Hace 11 años cuando nadie apostaba por él -tan excéntrico estaba situado en el panorama cultural- le concedieron el Nobel. Recibió la noticia mientras viajaba entre Canadá y Corea del Sur, uno de los países en los que ha vivido y no son pocos: Nigeria donde su padre ejercía como cirujano y donde se trasladó a los 8 años con su familia, México el lugar en el que acuñó su vivo castellano durante 12 años o esa estancia ya mítica en Panamá, de cuatro años conviviendo con los indios Embera Woudnaan. Además está casado desde hace cinco décadas con una marroquí y vive entre Alburquerque, en Nuevo México y China... Se jacta de no tener casa en París. Y de no pertenecer a ningún lugar salvo a «la España de Cervantes, el México de Juan Rulfo o la Colombia de García Márquez» y es que dice riendo: «Cuando leo a un autor chino me vuelvo chino, no totalmente pero casi». En Estocolmo destacaron sus libros de viajes pero él matiza: «No soy un escritor que viaja, soy un viajero que escribe».

A sus casi 80 años, Le Clézio conserva la planta y el atractivo que acompañaron la aparición de su primera novela, cuando a los 23 y con aspecto de modelo ultracool, se dio a conocer con la experimental El atestado. Más de 40 libros después llega con una nueva novela Bitna bajo el cielo de Seúl (Lumen), la primera en la que ha vertido sus experiencias coreanas.

Bitna tiene 17 años, ha llegado a la capital desde el campo y se dedica a contarle historias medio inventadas a una mujer paralítica, unas historias con mucha fantasía y no poca carga zen, en las que el autor, que se considera a sí mismo un poco «loco», ha querido mostrar sus impresiones sobre un país poblado mayoritariamente por jóvenes. «Corea es el país del mundo donde hay más universidades y los estudiantes quieren acceder a ellas para obtener un trabajo mejor aunque encontrarlo vaya a ser casi imposible». Su visión de ese país que vivió la tercera guerra más cruenta y destructiva del siglo XX es que Seúl es una trampa para los que acaban viviendo allí.

Contador de historias

Le Clézio es un gran contador de historias. Evoca a la chamana y sus vestidos -todos los coreanos practican una religión extranjera y a la vez son chamanistas-, capaz de bailar sobre cuchillos para darle al fiel el consejo que necesita o la leyenda urbana del acosador de Seúl que al final se revelaba como un protector de las muchachas a las que seguía.

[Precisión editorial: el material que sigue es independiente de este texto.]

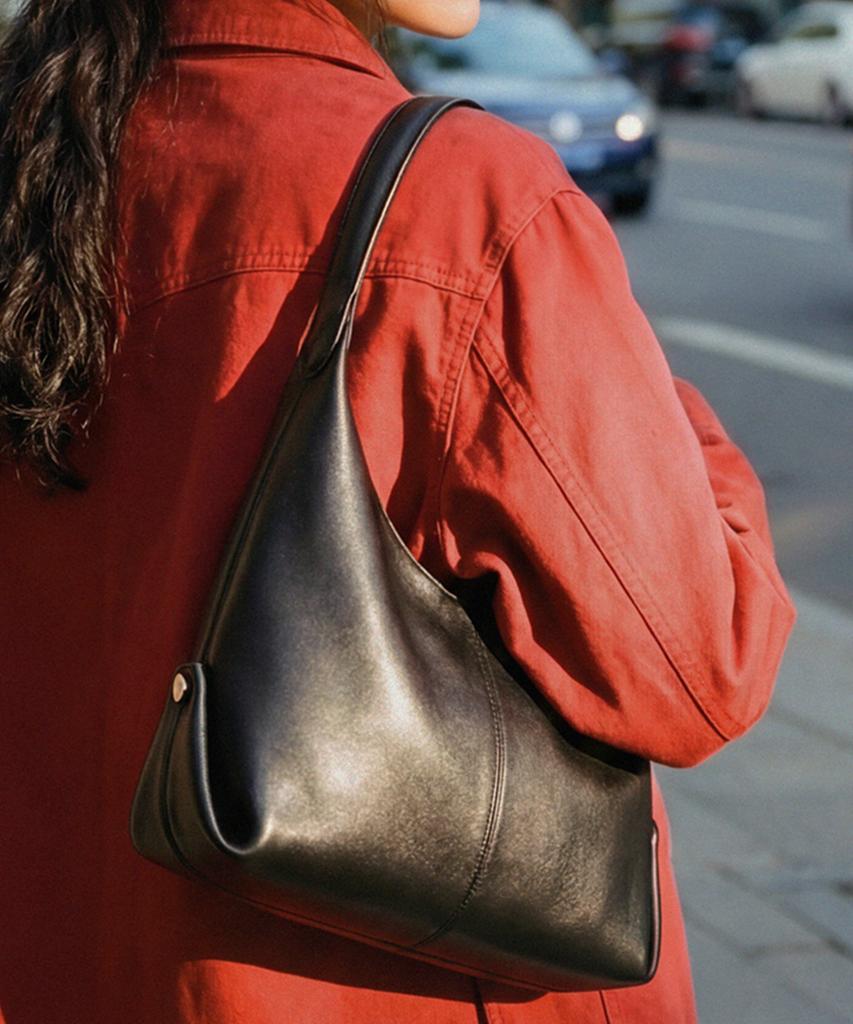 Siyazu Siac3076 Lambskin Flow Bag M_Black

Dice haber heredado el don de la palabra hablada de su abuela que era maravillosa inventando cuentos. «Yo sin embargo al igual que Bitna no tengo mucha imaginación y en muchos casos me limito a recoger historias que me cuentan». La literatura del autor se ha simplificado enormemente desde aquellas complejas narraciones del Nouveau Roman. «Cuando tenía 7 años mis novelas eran sencillas y yo gozaba escribiéndolas porque no tenía que preocuparme de la ortografía. Mi madre las encuadernaba con hilo y aguja. Así que con mi actual literatura despojada no hago otra cosa que cerrar el círculo».

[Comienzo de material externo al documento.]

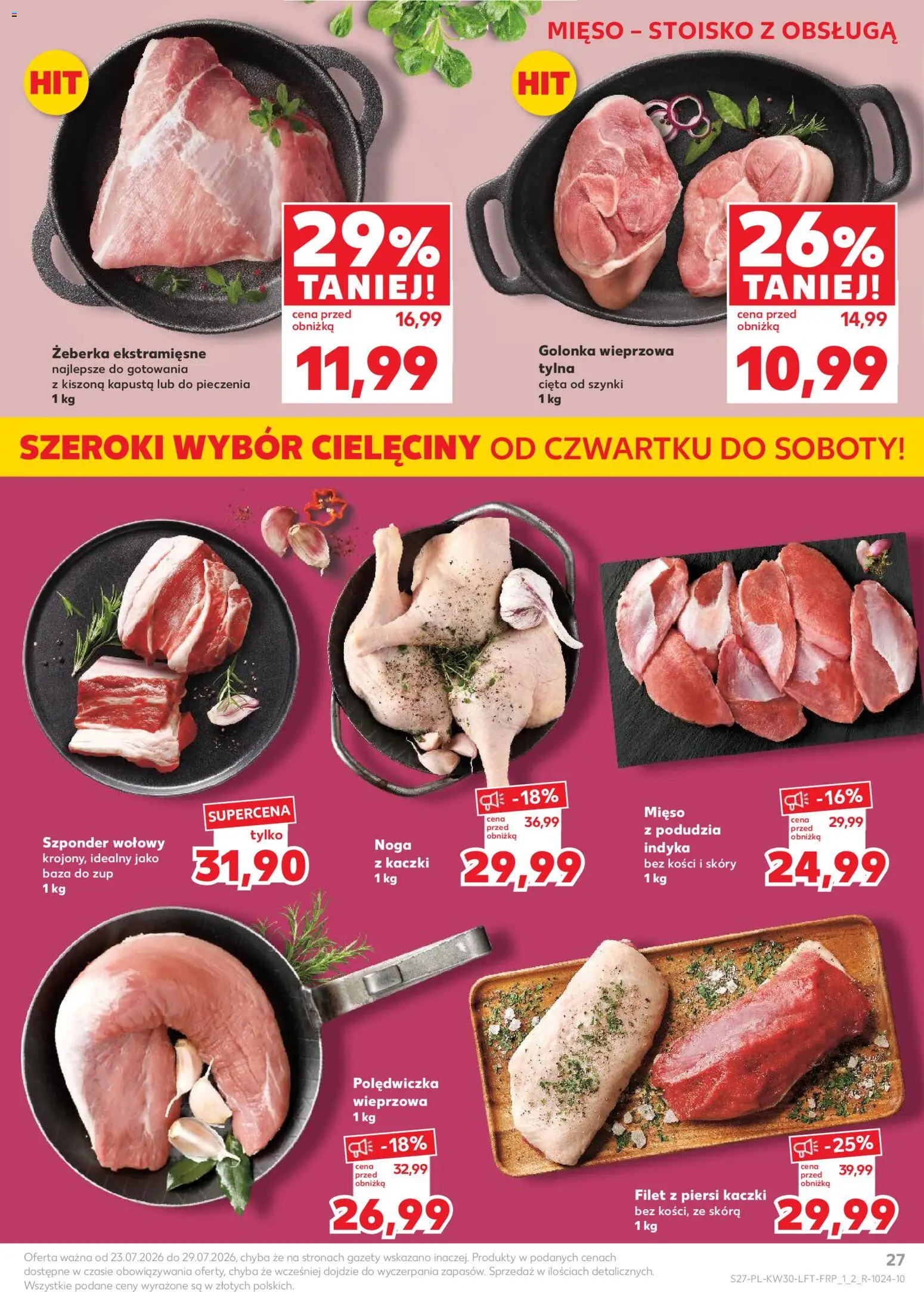 Kaufland Polsko leták od 23.07.2026 | Strana: 27 | Produkty: Kapusta, Filet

Hay una característica en sus libros que en cierta forma lo emparenta con Salinger, uno de sus héroes literarios, sobre todo por los extraños y espirituales relatos del estadounidense. «Conecté con ellos porque siempre he tenido una tentación mística que he buscado en todo el mundo», y aunque cree que debería ser religioso pero no tiene ninguna fe en particular. Quizá la literatura lo sea. «No, la literatura es como los sueños, sirven pero no se sabe bien para qué. Si uno no tiene ficciones es como si no tuviera sueños, enloquecería pasadas unas cuantas noches».